BEGIN DATA SECTION

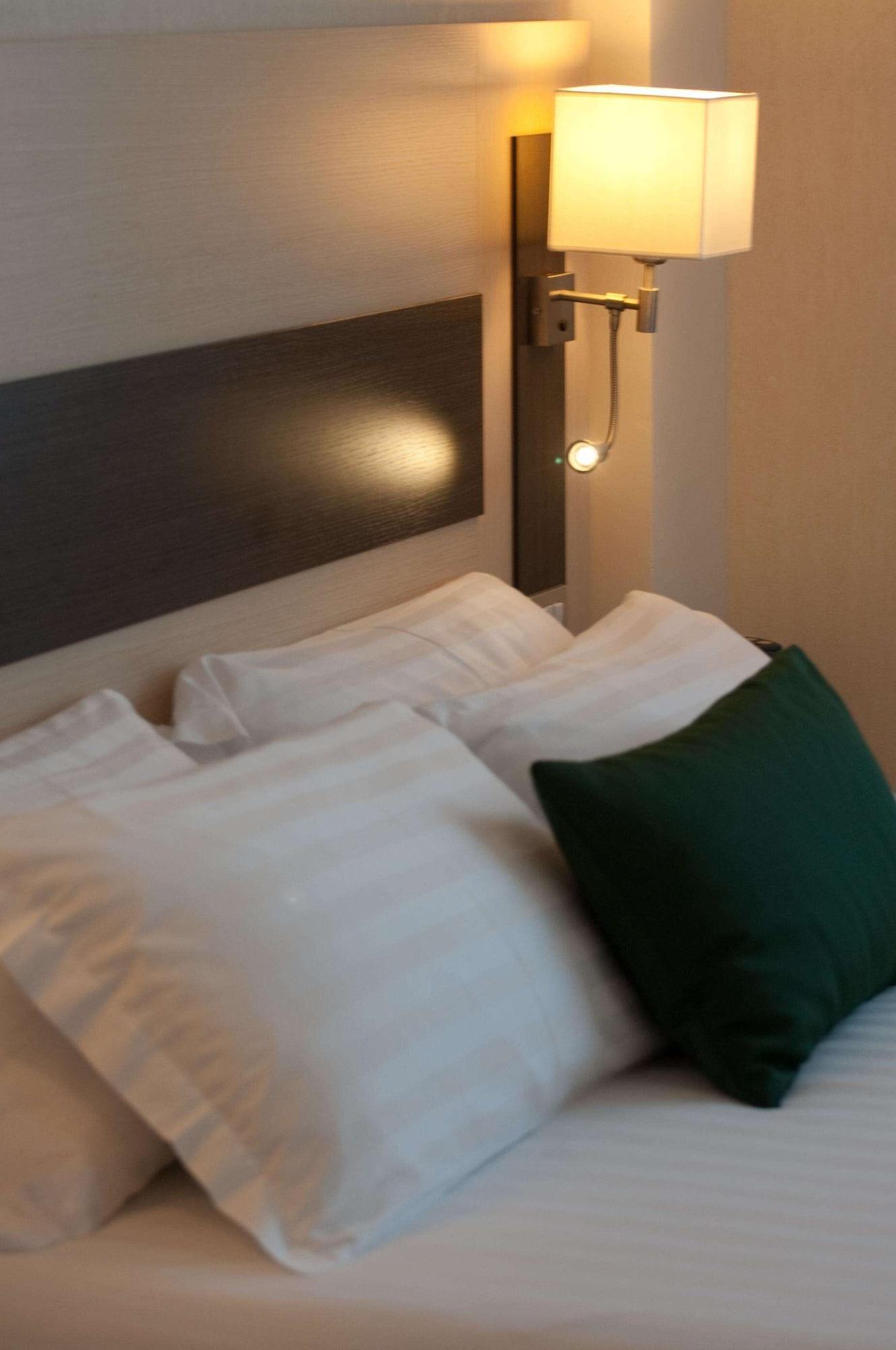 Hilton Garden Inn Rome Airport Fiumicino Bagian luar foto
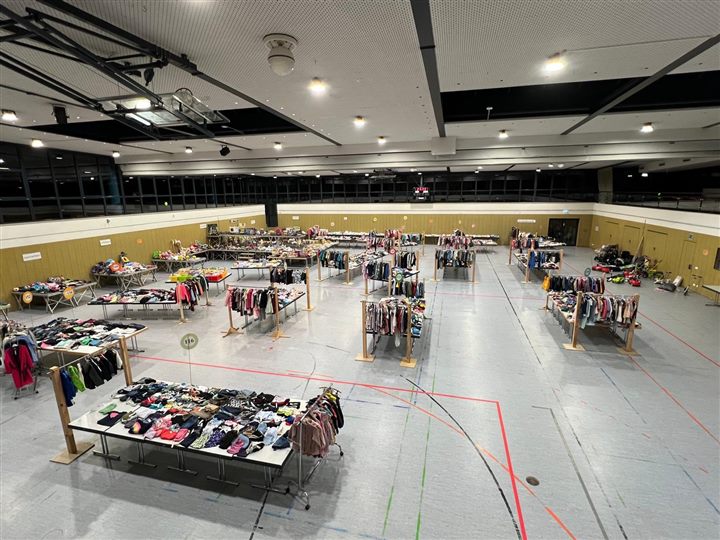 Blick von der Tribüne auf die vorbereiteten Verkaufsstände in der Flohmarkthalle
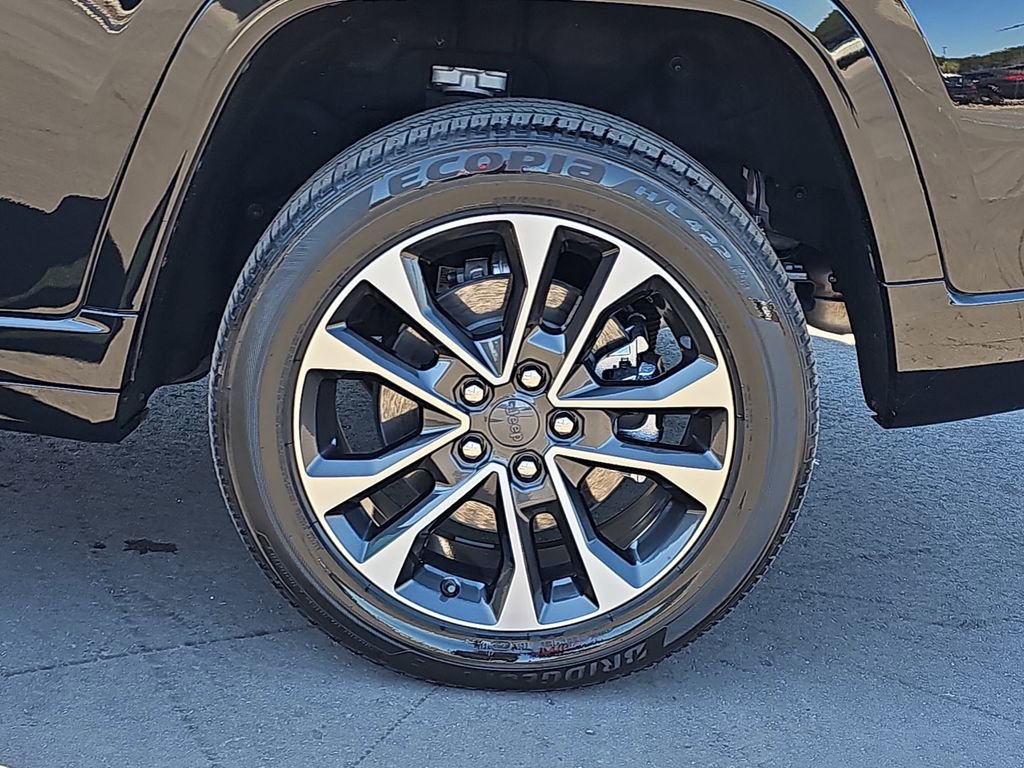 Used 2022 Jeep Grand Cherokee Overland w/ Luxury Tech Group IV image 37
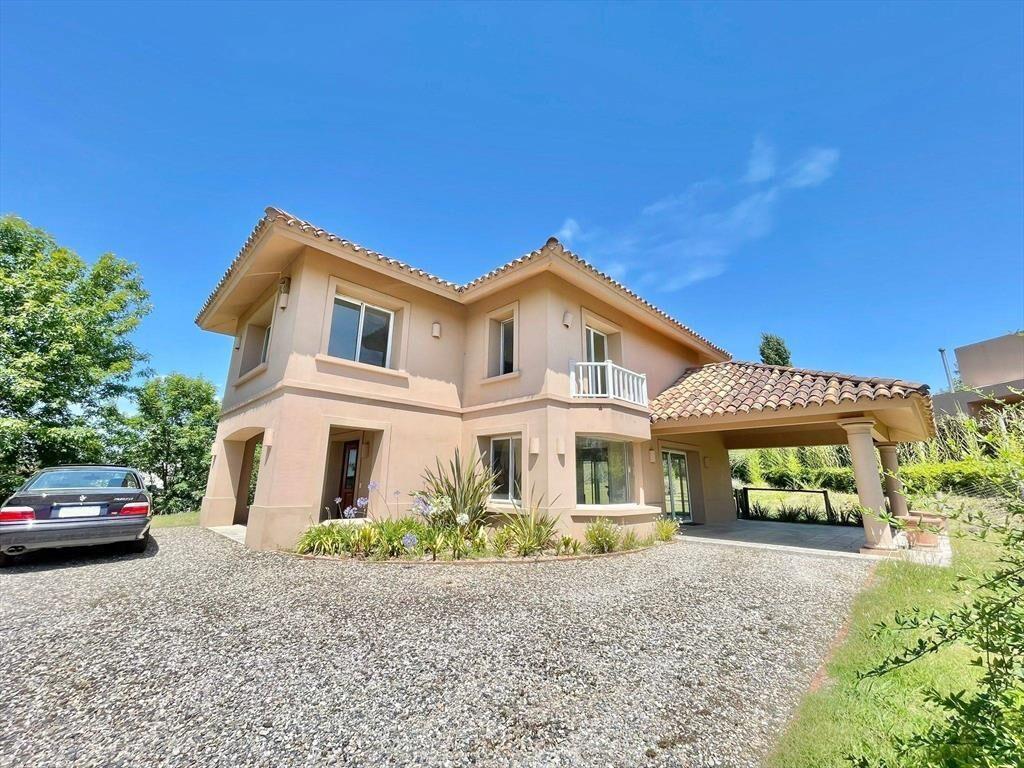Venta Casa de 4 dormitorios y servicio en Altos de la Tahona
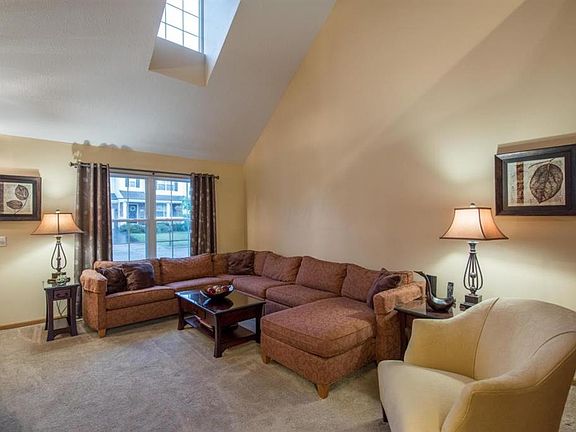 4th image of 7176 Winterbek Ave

END DATA SECTION
BEGIN DATA SECTION

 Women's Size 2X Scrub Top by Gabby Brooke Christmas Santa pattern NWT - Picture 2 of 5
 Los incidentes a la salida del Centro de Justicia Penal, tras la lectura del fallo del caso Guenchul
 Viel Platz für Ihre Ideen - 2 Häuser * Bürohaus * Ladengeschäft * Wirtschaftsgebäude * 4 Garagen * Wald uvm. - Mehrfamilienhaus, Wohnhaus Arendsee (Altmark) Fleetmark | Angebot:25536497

END DATA SECTION
BEGIN DATA SECTION

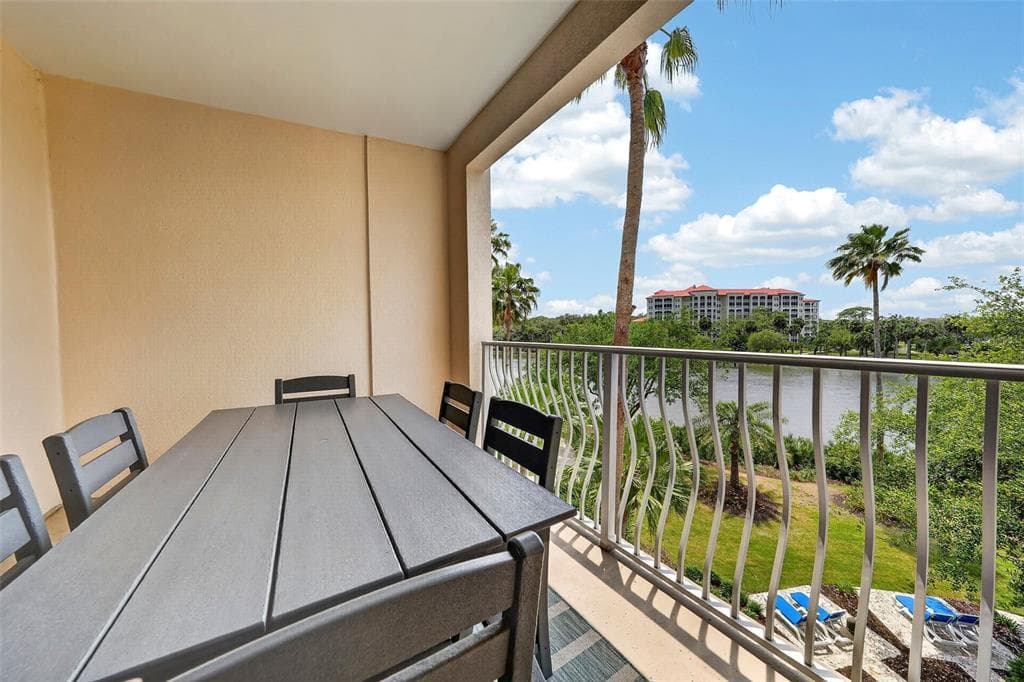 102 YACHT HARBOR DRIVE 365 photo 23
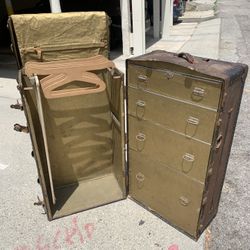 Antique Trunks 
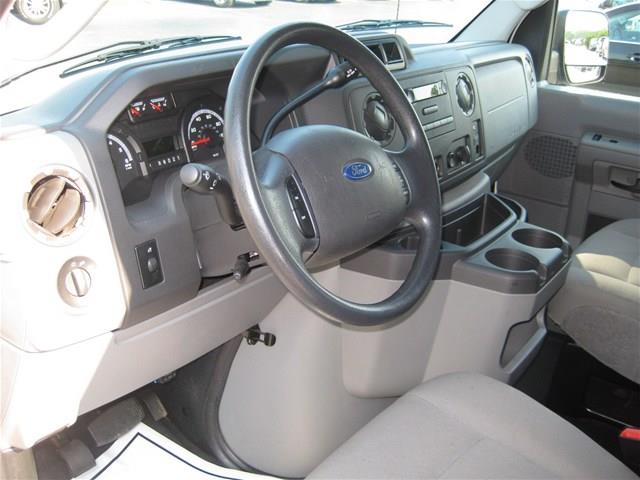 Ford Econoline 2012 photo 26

END DATA SECTION

> WHAT YOU WILL DO
Return, word for word, the lines of the data above from the line with "Los incidentes a" through the line with "Viel Platz für", inclusive.

> RESPONSE BELOW
 Los incidentes a la salida del Centro de Justicia Penal, tras la lectura del fallo del caso Guenchul
 Viel Platz für Ihre Ideen - 2 Häuser * Bürohaus * Ladengeschäft * Wirtschaftsgebäude * 4 Garagen * Wald uvm. - Mehrfamilienhaus, Wohnhaus Arendsee (Altmark) Fleetmark | Angebot:25536497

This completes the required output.